## Problem details
Look below for the line with "Navy Blue Cotton T-shirt 2"; begin the copy there and stop after the line with "Orologio Bulova Classics", keeping the text exact and the pictures out.

## Data records
▼

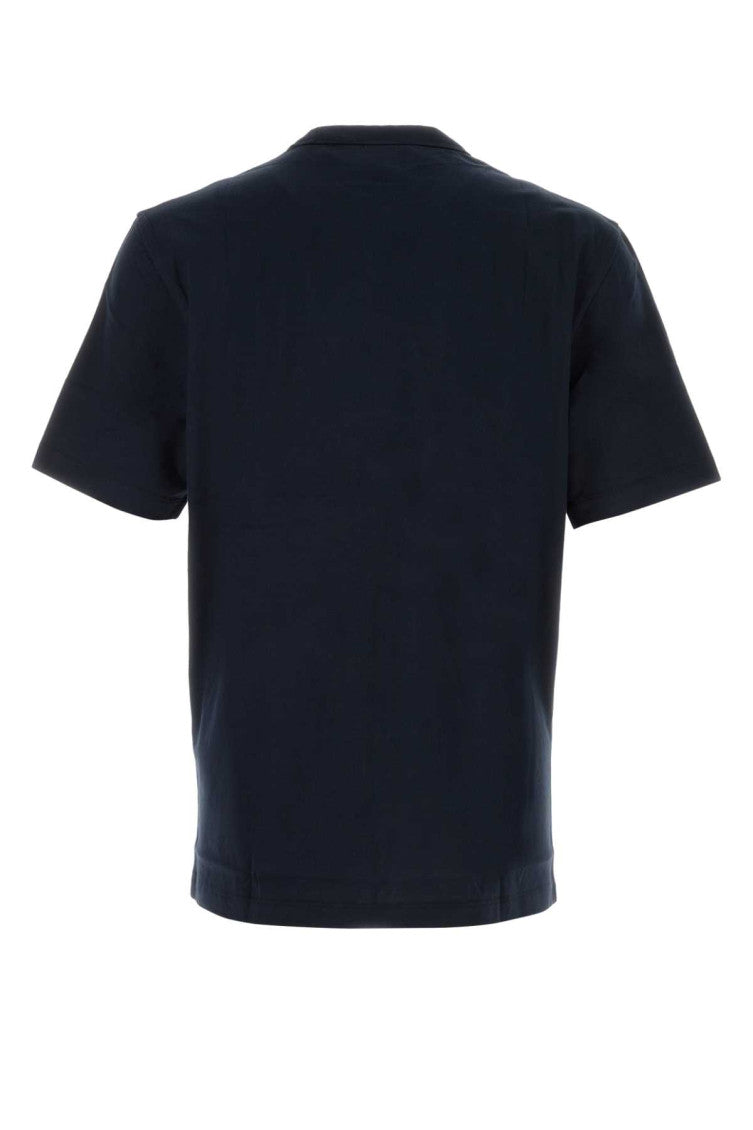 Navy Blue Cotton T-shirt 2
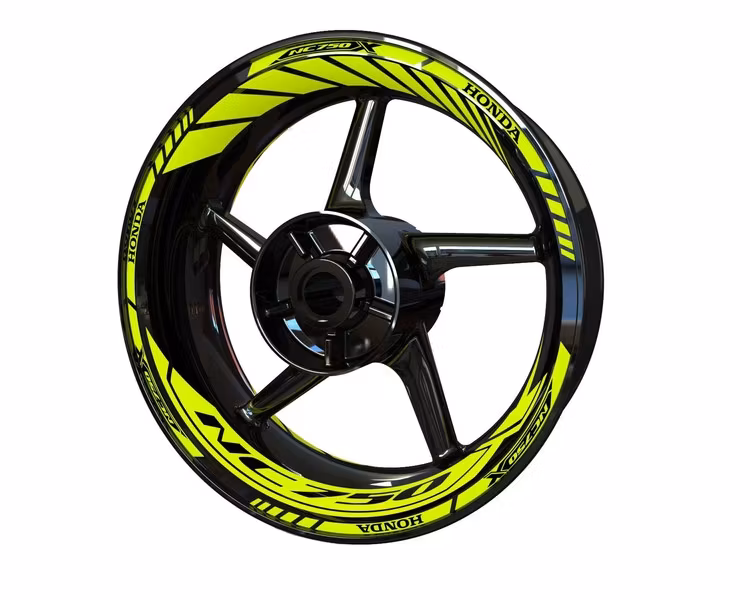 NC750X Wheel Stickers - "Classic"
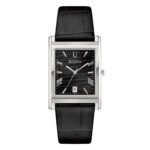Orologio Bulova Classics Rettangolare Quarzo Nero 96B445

▲
▼

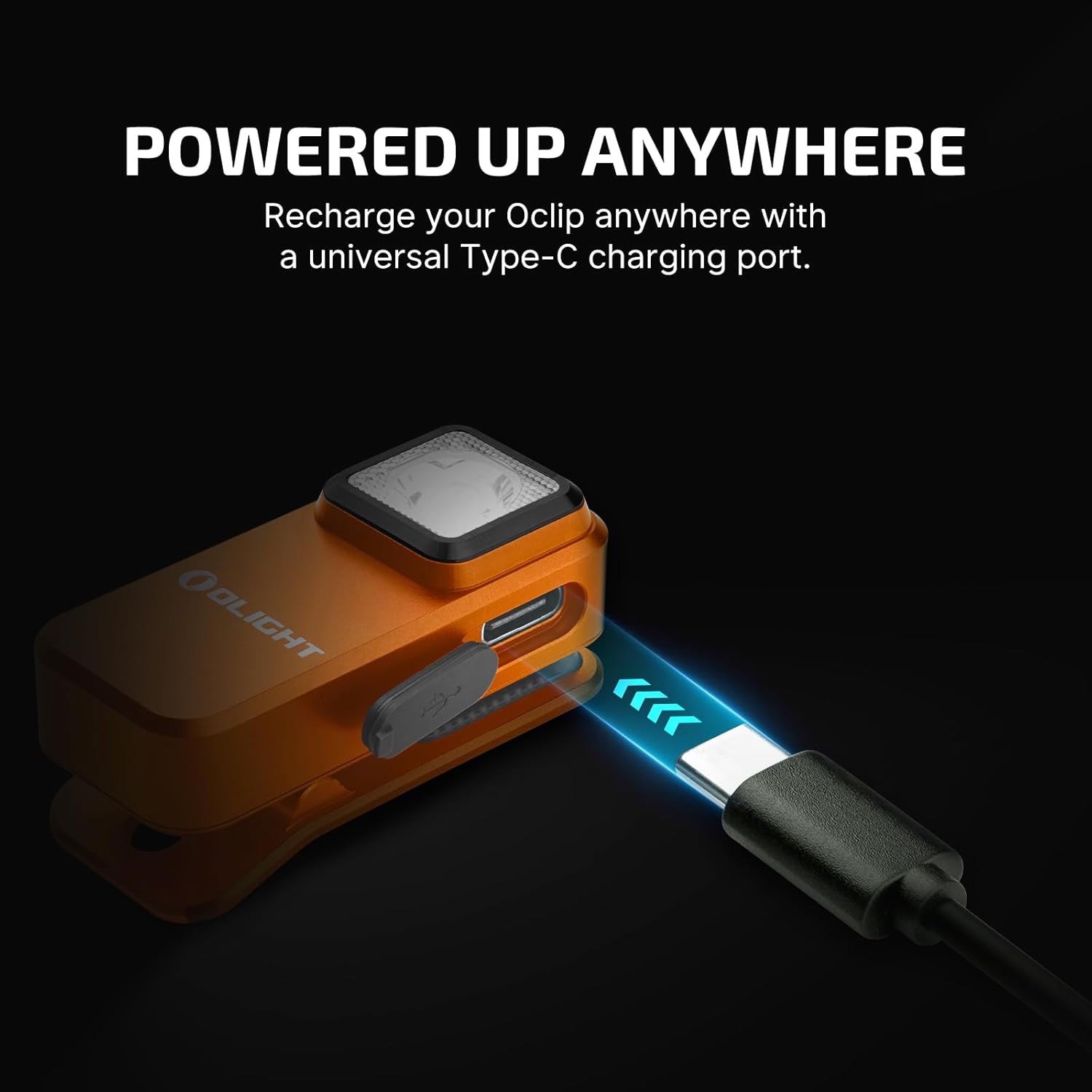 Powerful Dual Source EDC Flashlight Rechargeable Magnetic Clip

▲

## Result
 Navy Blue Cotton T-shirt 2
 NC750X Wheel Stickers - "Classic"
Orologio Bulova Classics Rettangolare Quarzo Nero 96B445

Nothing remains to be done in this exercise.